With new technology comes new questions, including how self-driving cars will impact personal injury claims. Taking human drivers out of the equation adds a new spin to the usual liability questions, which begs the following question: what happens if you're involved in an accident with one of these self-driving vehicles?
Self-driving cars promise to reduce and even eliminate accidents by eliminating the human factor. After all, driver error plays a role in 94 percent of car crashes in the U.S., according to the National Highway Traffic Safety Administration. However, there are still plenty of bugs to be worked out, as demonstrated by several high-profile crashes involving fully autonomous and semi-autonomous vehicles.
So, who's to blame if you're injured in an accident with a self-driving vehicle? As it turns out, there's plenty of blame to potentially go around.
The Car Manufacturer
Vehicle manufacturers could be held liable under specific circumstances, such as when a design flaw results in vehicle behavior that eventually leads to an accident. Otherwise, it's difficult to place sole blame on an automobile manufacturer, given the sheer number of companies that supply different components that make up the entire vehicle.
In the event of a mechanical issue that results in an accident, the blame could shift to another, unexpected source: the mechanic or service technician who previously worked on the vehicle.
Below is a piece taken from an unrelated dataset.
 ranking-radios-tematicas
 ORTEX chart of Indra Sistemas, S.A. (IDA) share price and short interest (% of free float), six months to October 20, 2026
The Software/Hardware Company
Hardware and software developers can also be held to account for an accident involving self-driving vehicles, especially with so much of the vehicle's behavior driven by a combination of specialized hardware and software. If a navigation sensor fails due to a software glitch or a defect in the underlying hardware, the developer or manufacturer may be held liable as a result.
But what if those systems were tampered or sabotaged by an unknown party? That's where the liability issue becomes murkier.
Self-Driving Vehicle Owners and Occupants
In a normal auto accident, human drivers are in control and, therefore, take on responsibility for any accident they're involved in. With a fully autonomous vehicle, it's the machine that's largely in control. Aside from inputting a destination or somehow manually overriding the vehicle, occupants of a fully autonomous lack direct control of the vehicle and, therefore, aren't likely to face any liability in an accident.
There are some exceptions, however. If any of the occupants manage to override control of the fully autonomous vehicle, they could face liability in the event of an accident. The owner could also be held responsible if the owner fails to update the vehicle's software within a reasonable time resulted in an accident later on.
With semi-autonomous vehicles, on the other hand, there's still a human element of control involved. Systems like Tesla's Autopilot and Cadillac's Super Cruise are designed to work on a semi-autonomous level, but still demand a large degree of human control. Under these circumstances, the driver of the vehicle remains liable in a crash resulting in serious injuries and/or property damage.
Current laws and regulations in the U.S. are still based on human drivers getting into accidents with other human drivers, so it may take a while for laws throughout the country to catch up with the impending arrival of self-driving vehicles.